Odd as it may be, there’s nothing more comforting or cosy than curling up during this dark month with a book promising creaking doors, icy draughts and pale, ethereal figures barely glimpsed as they slip across lightning-streaked moors...

Not the stuff of nightmares exactly, but certainly enough to keep you awake long after sleep should have taken its velvety grip.

And when it comes to authors who can tease every hair up on the back of your neck and leave goosebumps down every arm, there are none better than Susan Hill.

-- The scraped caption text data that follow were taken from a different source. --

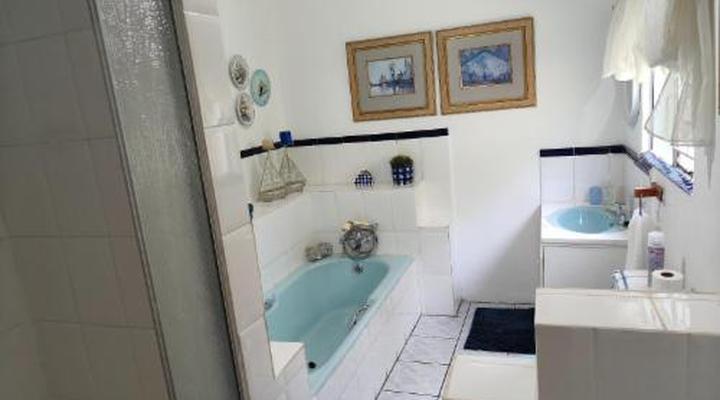 Garden of Eden Cottages & Guest House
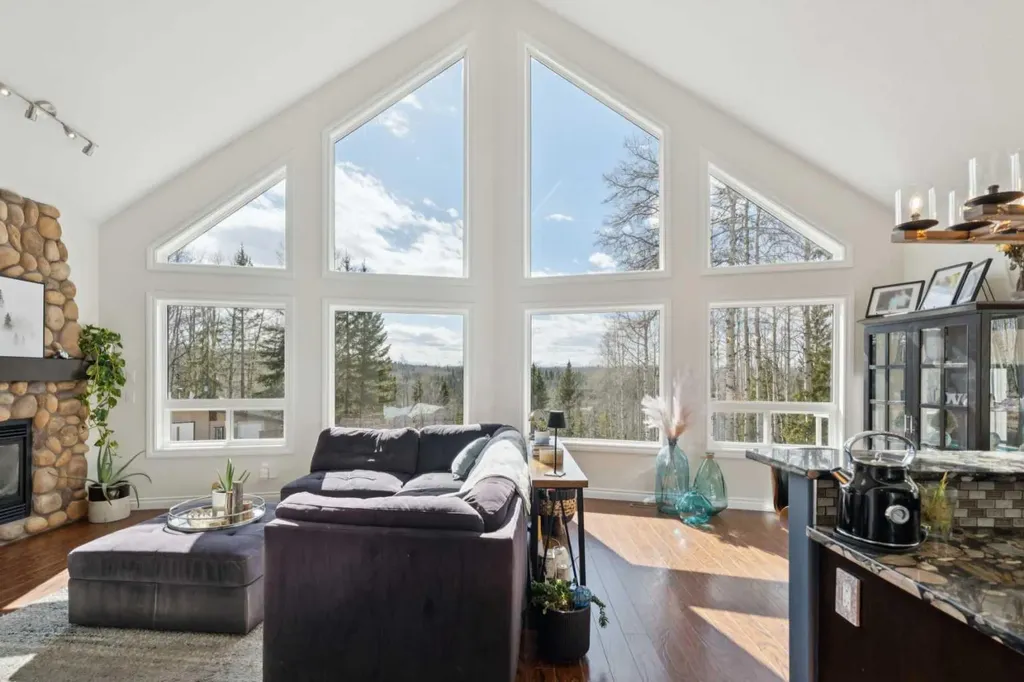 5413 Highway 579 Rural Mountain View County AB T0M 2E0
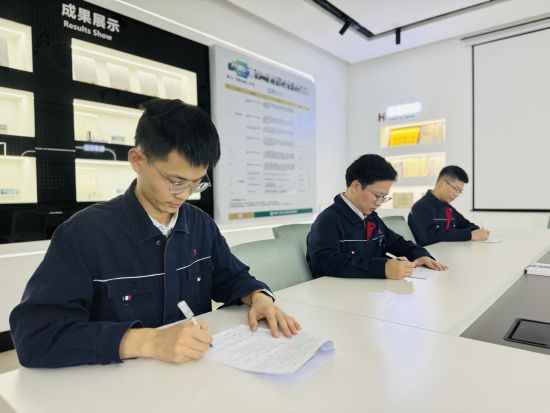 圖為青年員工進(jìn)行技術(shù)理論考試
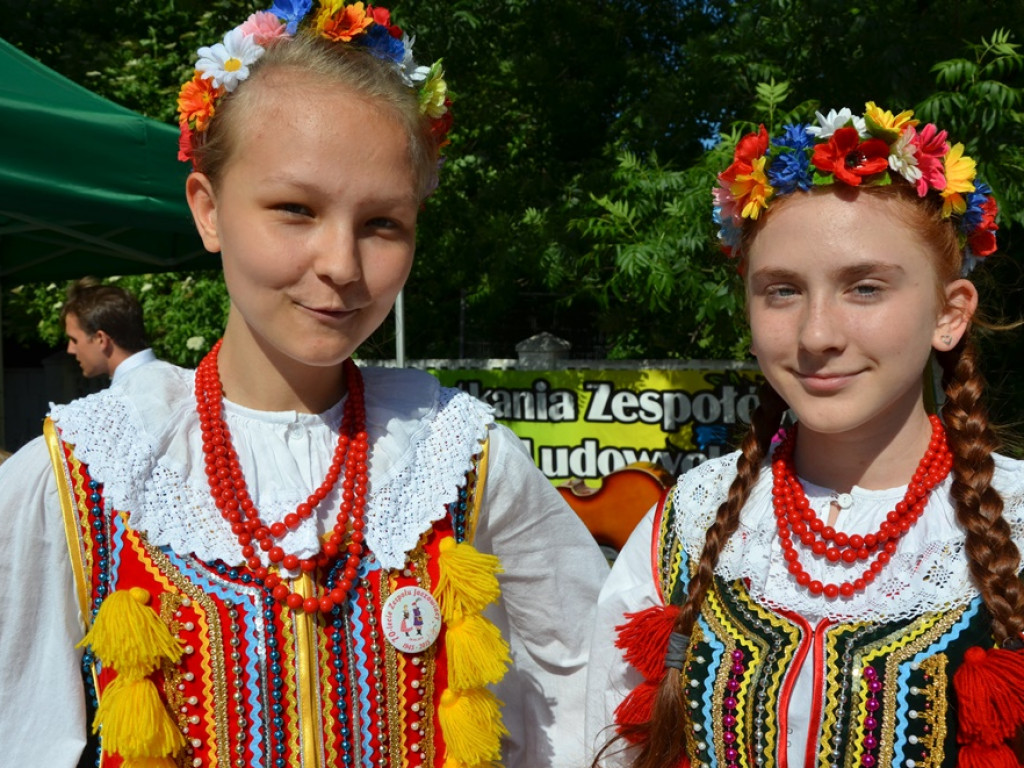Piękne tradycje przekazują z pokolenia na pokolenia. Zespoły ludowe na scenie
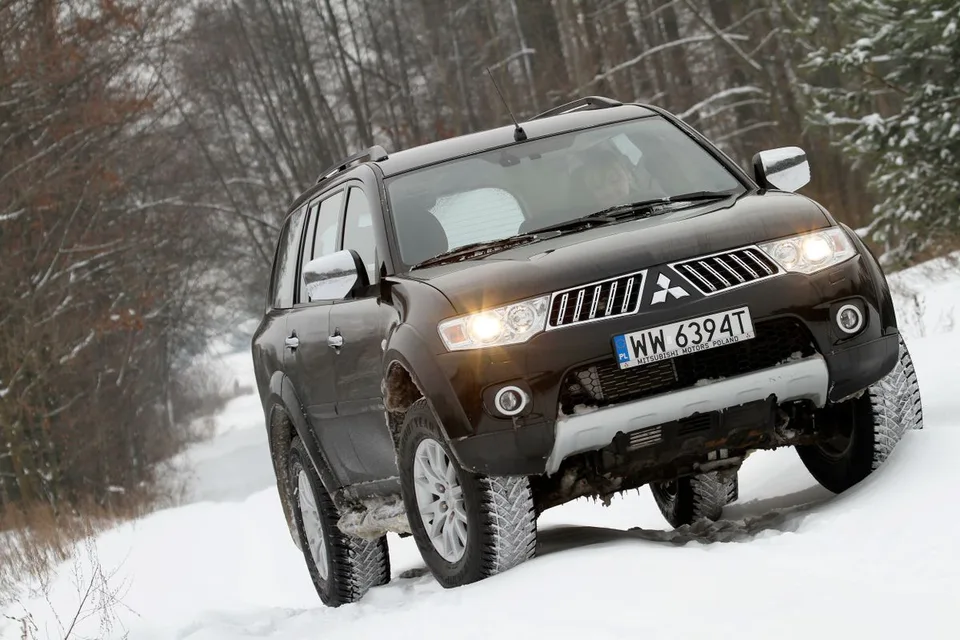 Pajero Sport 2 generation
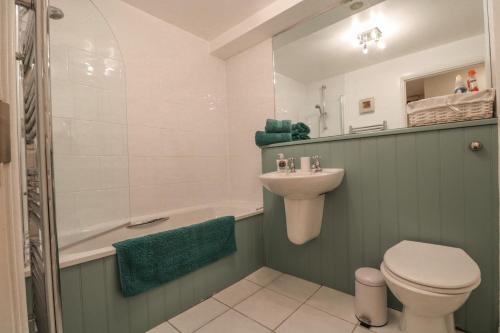 Harbour House Apartment - image 2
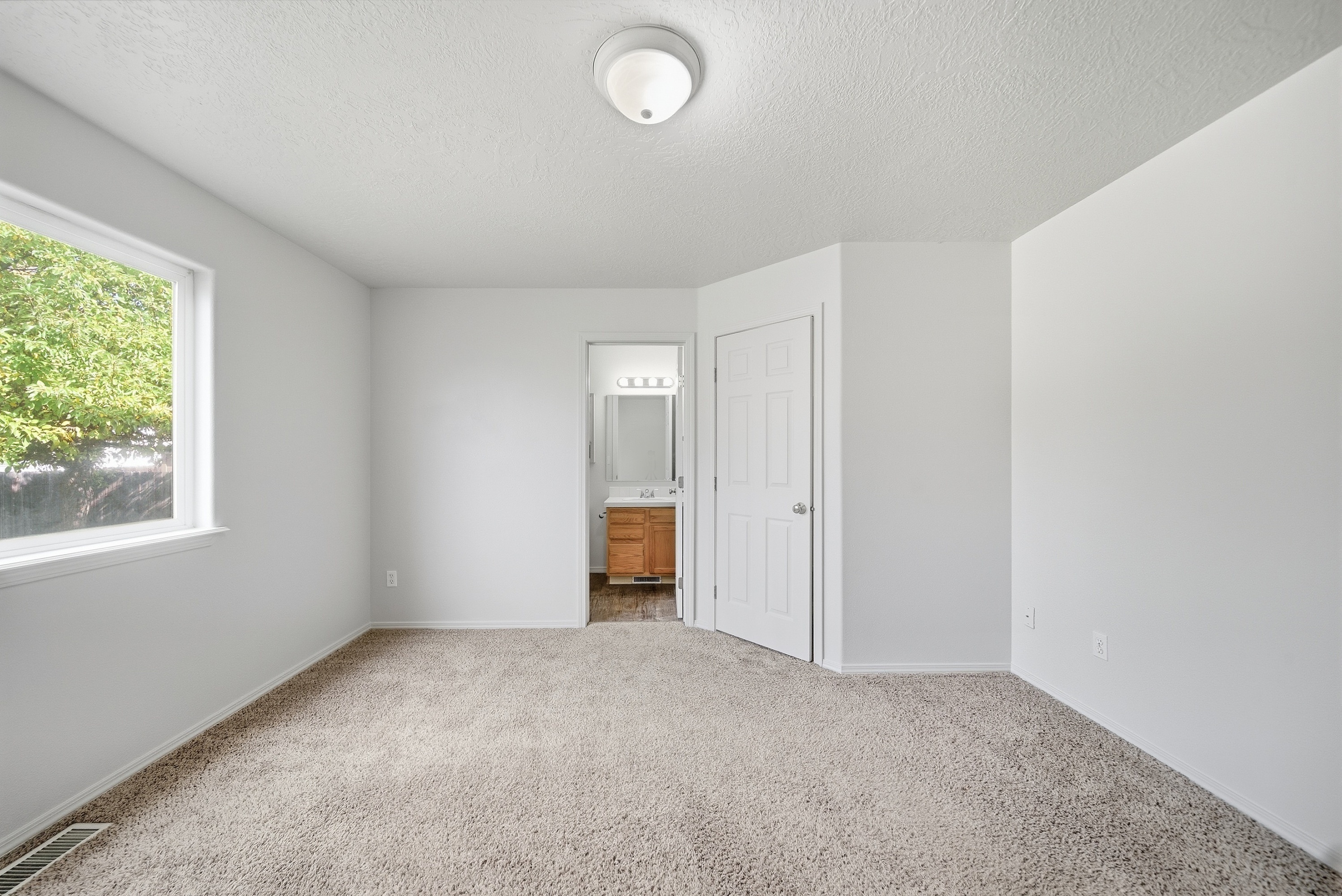 Photo 11 of 27 of 12522 W Camas Dr, Boise, ID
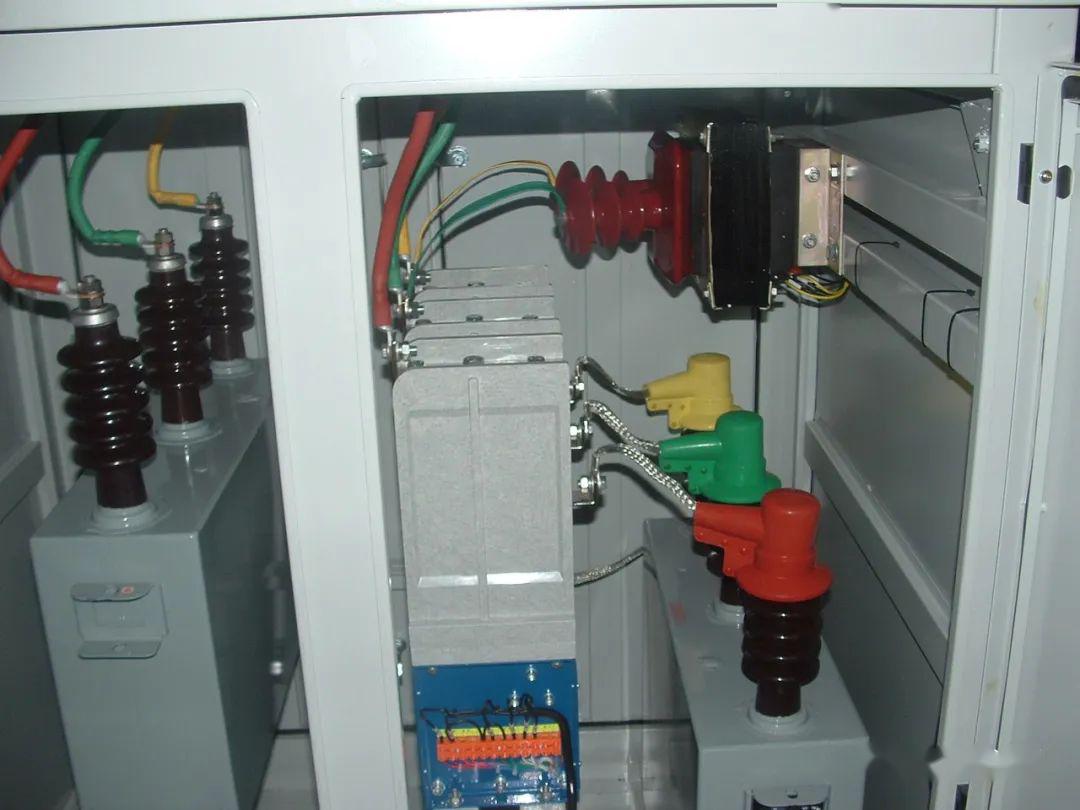 配電室中有哪些類型的低壓配電柜電壓?配電柜主要內部組件是什么?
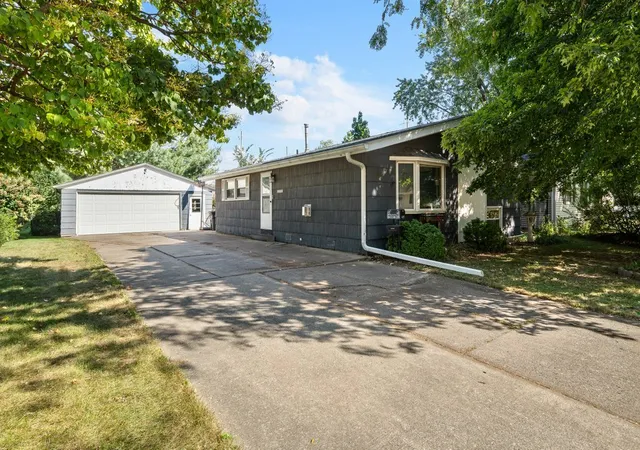 Photo 1 of Single family home for sale at 2343 46th Street Ct, Rock Island, IL 61201 | MLS# 12747134 | Listing updated on 2026-09-04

Hill, of course, is most famous for The Woman In Black, probably one of the most celebrated novels of things that go bump in the night (the stage version of which incidentally is one of the most terrifying experiences this theatre-goer has ever experienced).

With The Small Hand, first published last year, she returns to spine-chilling form with a story that manages to charm and chill (to the bone) in equal measure.

Like all good ghost stories, with the notable exception of Stephen King’s The Shining, it is short; only 167 pages of well-spaced type, packaged in such a petite manner, despite being hard-backed, as to make it feel more suited to your coat pocket than the coffee table in your living room.

And that, I think, works perfectly.

This indeed is a book designed to be carried and cossetted, to be pulled out at the bar while awaiting your first pint, slid into as you await your delayed train, and poured over as you wait for your bus to clear the Botley Road evening rush.

Although I should warn you... I read the book in one sitting, two hours, with one small glass of brandy and a piece of left-over Christmas cake. And it was perfect.

I genuinely couldn’t put it down. And what a delight that some of the novel – or novella – is set in present-day Oxford (if I were the owner of The Old Parsonage hotel on the Banbury Road, I would certainly ensure that every guest had a copy in their bedroom).

The Botanic Garden, the High, the Bodleian, all are mentioned with the casual ease of someone who knows these streets and landmarks well (Hill lives a short drive away in the The Cotwolds).

Indeed, one of my favourite passages takes place in the Botanic Garden: ‘And at that moment I felt the most dreadful fear,’ she writes. ‘It was not fear of anything, it was simply fear, fear and dread, like a coldness rising up through my body...’ And it gets better.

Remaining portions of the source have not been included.